What is needed: From the data below, return the exact lines starting at the line containing "2022.4.23【乐平户外" and ending at the line containing "Décoration florale de", both included, and nothing else.

[Records drawn from a dataset]
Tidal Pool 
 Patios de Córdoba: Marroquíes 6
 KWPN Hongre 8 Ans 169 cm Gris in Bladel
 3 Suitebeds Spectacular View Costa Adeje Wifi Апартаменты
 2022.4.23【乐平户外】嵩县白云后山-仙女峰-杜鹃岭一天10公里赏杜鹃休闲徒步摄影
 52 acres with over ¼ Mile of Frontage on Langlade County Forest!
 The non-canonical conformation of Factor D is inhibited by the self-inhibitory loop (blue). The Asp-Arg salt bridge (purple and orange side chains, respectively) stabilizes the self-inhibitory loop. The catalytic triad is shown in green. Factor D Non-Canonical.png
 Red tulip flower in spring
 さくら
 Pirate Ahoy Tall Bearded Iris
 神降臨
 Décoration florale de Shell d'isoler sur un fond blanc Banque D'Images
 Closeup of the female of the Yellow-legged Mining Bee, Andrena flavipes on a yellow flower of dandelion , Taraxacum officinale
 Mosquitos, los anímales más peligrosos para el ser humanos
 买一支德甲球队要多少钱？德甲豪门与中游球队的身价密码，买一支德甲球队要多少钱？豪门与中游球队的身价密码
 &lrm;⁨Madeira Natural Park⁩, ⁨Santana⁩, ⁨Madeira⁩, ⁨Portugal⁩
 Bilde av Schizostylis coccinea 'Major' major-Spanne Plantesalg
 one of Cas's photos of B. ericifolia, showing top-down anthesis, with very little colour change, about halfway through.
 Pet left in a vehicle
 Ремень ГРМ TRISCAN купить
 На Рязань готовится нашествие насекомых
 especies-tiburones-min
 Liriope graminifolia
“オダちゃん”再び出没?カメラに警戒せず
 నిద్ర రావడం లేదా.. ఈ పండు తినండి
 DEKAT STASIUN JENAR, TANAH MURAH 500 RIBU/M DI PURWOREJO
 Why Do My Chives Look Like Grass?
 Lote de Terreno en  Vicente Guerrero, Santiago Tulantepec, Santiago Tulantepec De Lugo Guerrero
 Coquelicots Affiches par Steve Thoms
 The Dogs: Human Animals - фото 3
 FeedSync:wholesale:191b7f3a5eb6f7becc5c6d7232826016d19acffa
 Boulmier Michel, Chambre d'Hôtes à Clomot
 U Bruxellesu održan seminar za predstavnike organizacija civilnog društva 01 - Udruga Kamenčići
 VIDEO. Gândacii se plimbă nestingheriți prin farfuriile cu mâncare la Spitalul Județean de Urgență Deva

Final answer:
 2022.4.23【乐平户外】嵩县白云后山-仙女峰-杜鹃岭一天10公里赏杜鹃休闲徒步摄影
 52 acres with over ¼ Mile of Frontage on Langlade County Forest!
 The non-canonical conformation of Factor D is inhibited by the self-inhibitory loop (blue). The Asp-Arg salt bridge (purple and orange side chains, respectively) stabilizes the self-inhibitory loop. The catalytic triad is shown in green. Factor D Non-Canonical.png
 Red tulip flower in spring
 さくら
 Pirate Ahoy Tall Bearded Iris
 神降臨
 Décoration florale de Shell d'isoler sur un fond blanc Banque D'Images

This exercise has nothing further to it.